同市では神楽、虎舞、鹿踊り、手踊りなど55の芸能が各地に伝承され、地域信仰とともに受け継がれてきた。無形民俗文化財として県指定が1団体、市指定が13団体ある。同祭は地域に根付く伝統文化である郷土芸能を守り育て、次世代への継承、郷土愛の醸成などにつなげようと1977(昭和52)年度から開始。平成に入ってからは市外の団体も招き、交流を図っている。
26回目の開催となった本年度は市内から、八雲神楽、小川しし踊り(市指定文化財)、松倉太神楽、桜舞太鼓、神ノ沢鹿踊(同)、丹内神楽(同)、両石虎舞(同)、南部藩壽松院年行司支配太神楽(県指定文化財)が出演した。
2017(平成29)年に市指定文化財となった「神ノ沢鹿踊」(同保存会=中村巧会長)は、約330年前に現鵜住居町神ノ沢地区に房州(現千葉県南部)出身者から伝えられたとされる。旧鵜住居村では最も古い芸能。同祭への出演は東日本大震災後の21回公演以来で、文化財指定後は初の演舞となった。
2頭の雄鹿が雌鹿を取り合う戦いの様子を表した踊り「突合い」=神ノ沢鹿踊
激しい踊りの「突合い」は地域の祭りでも最も盛り上がる演目
栗林町の「丹内神楽」(砂子畑共正会=栗澤陽一会長、砂子畑芸能保存会=小笠原昭平会長)は同市の無形民俗文化財指定第一号で、1973(昭和48)年指定。山伏神楽の系統で、約180年の歴史を有する。紀州熊野(現和歌山、三重県南部)をルーツに、明治時代以降は本県の黒森、早池峰両神楽を研究し、現在の形になったとされる。同祭には23回以来の出演。

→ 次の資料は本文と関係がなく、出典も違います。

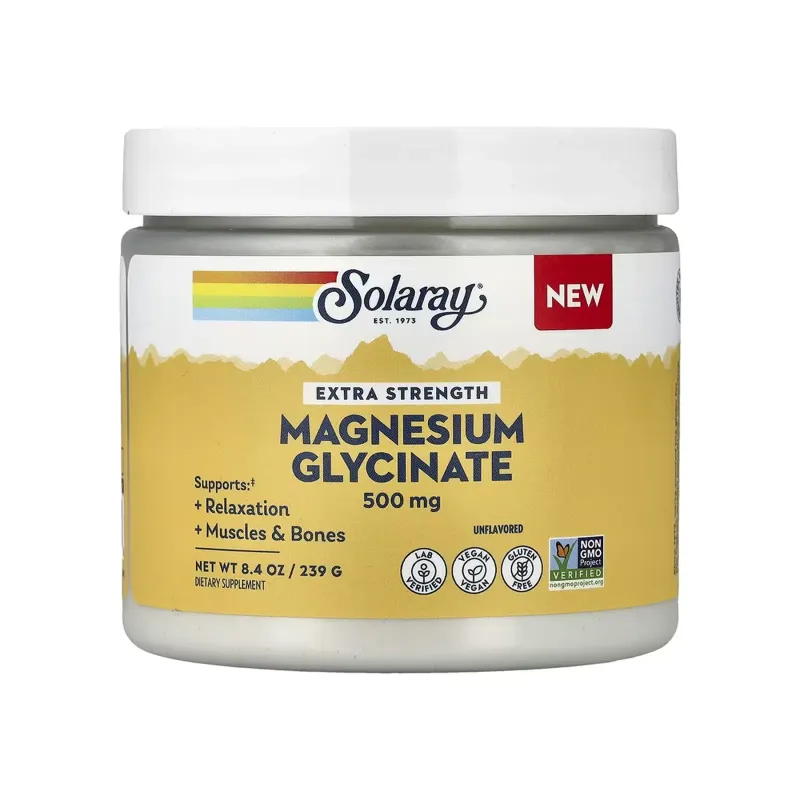 Solaray Magnesium Glycinate Powder 500 мг, 239 г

式舞の一つである「鶏(とり)子舞」。丹内神楽の代表的演目
色鮮やかな装束で華麗に舞う市指定無形民俗文化財第1号の舞を観客が堪能
両石町の「両石虎舞」(同保存会=久保宣利会長)は江戸時代中期から踊られていたと伝えられる。市内の虎舞の中では古い歴史を有し、1998(平成10)年に市指定文化財となった(同年、虎舞4団体指定)。虎頭は木彫りの伝統を守り、相撲の四股を踏むような足さばきで踊るのが特徴。23回以来の同祭出演となった今回は、地域の祭り以外では目にする機会の少ない「刺し鳥舞」も披露し、来場者の注目を集めた。

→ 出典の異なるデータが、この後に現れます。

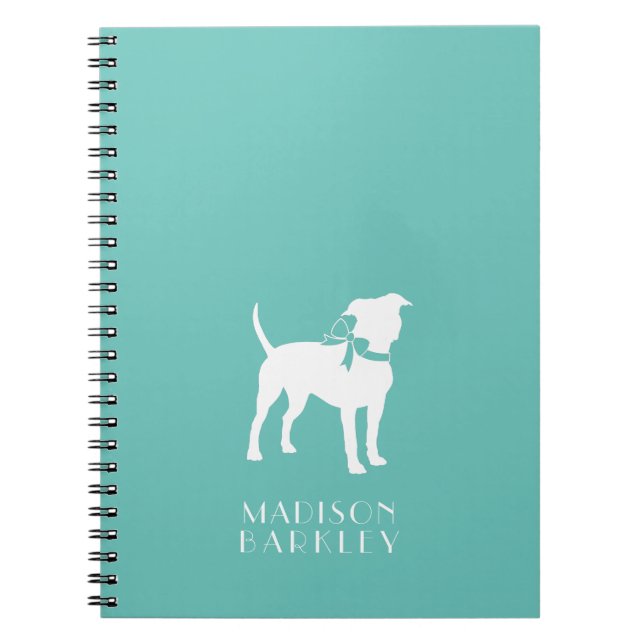 American Staffordshire Pit bull Dog Puppy Notebook (Front)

虎頭の振り方、足の運び方など伝統の形を崩さず、今に受け継がれる両石虎舞
両石虎舞は手踊りも数多く伝承。今回は「刺し鳥舞」(写真)と「甚句」を披露
同保存会の久保会長(50)は「コロナ禍でしばらく練習できない時期が続いた。地域の祭りでの披露は昨年から本格的に再開。今回の芸能祭出演も確実な継承へのいい後押しとなった」と喜ぶ。地域は震災の津波で甚大な被害を受け、人口が減った。加えて少子高齢化が進み、保存会のメンバー確保には苦慮しているという。「これからは、やりたい人がいれば他地域からも受け入れる体制を整えたい。古くから形を変えずにきた伝統の舞を守りつつ、廃れてきた演目の復活にも取り組みたい」と意欲を見せる。

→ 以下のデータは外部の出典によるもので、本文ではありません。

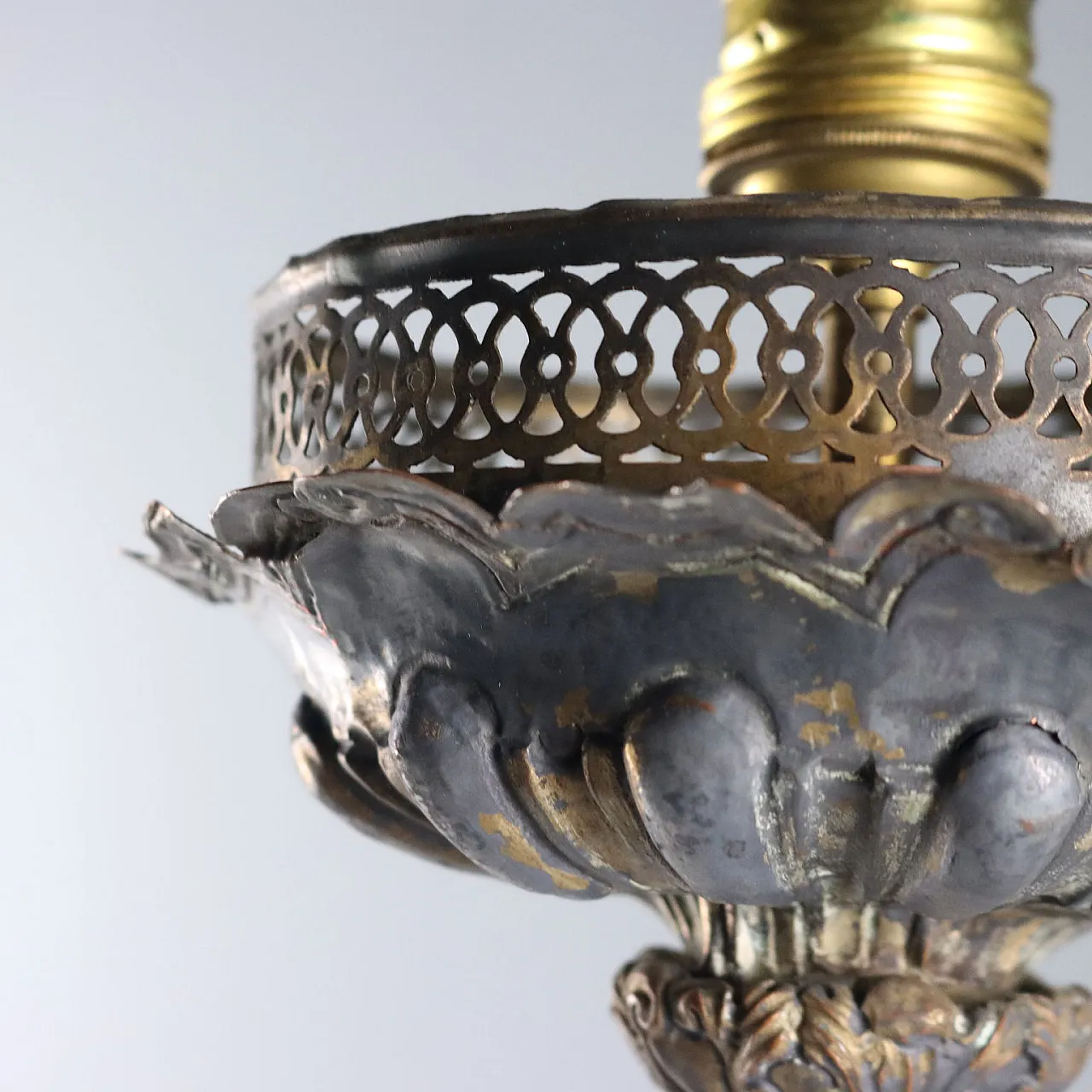 Candeliere in lamiera di rame, primo '800 4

今回の特別出演には、一戸町の「高屋敷神楽」(同保存会=大木勇司会長)が招かれた。同神楽は県指定無形民俗文化財。三明院という寺院の山伏神楽が源流で、同神楽の流れを継ぐ団体は県外にもあるという。同町内の神楽団体の中でも群を抜いた多数の演目があるのが特徴。震災後の2015(平成27)年には、被災した同市鵜住居町にも慰問に訪れている。今回は「権現舞」のほか「鐘巻き御寺」という演目を披露した。
特別出演した一戸町の高屋敷神楽。演目「鐘巻き御寺」の一場面
修業をせずに鐘巻寺に入った娘が鬼人になってしまい、修験者がそれを救うという踊り
観客は市内外の団体による見応え十分の舞台を存分に楽しみ、郷土芸能の宝庫・岩手の素晴らしさをあらためて実感した。一昨年、同市に転居したという高橋弘枝さん(45)は同祭を見るのは初めて。「いろいろな種類を見られて楽しい。子どもが減って継承が難しくなっている団体も多いと聞くが、釜石は幼稚園や小学校でも郷土芸能に取り組むなど伝承に力を入れているのが素晴らしい」と感心。虎舞が大好きな次男(3)に目を細め、「息子にもやらせてあげたい」と親心をのぞかせた。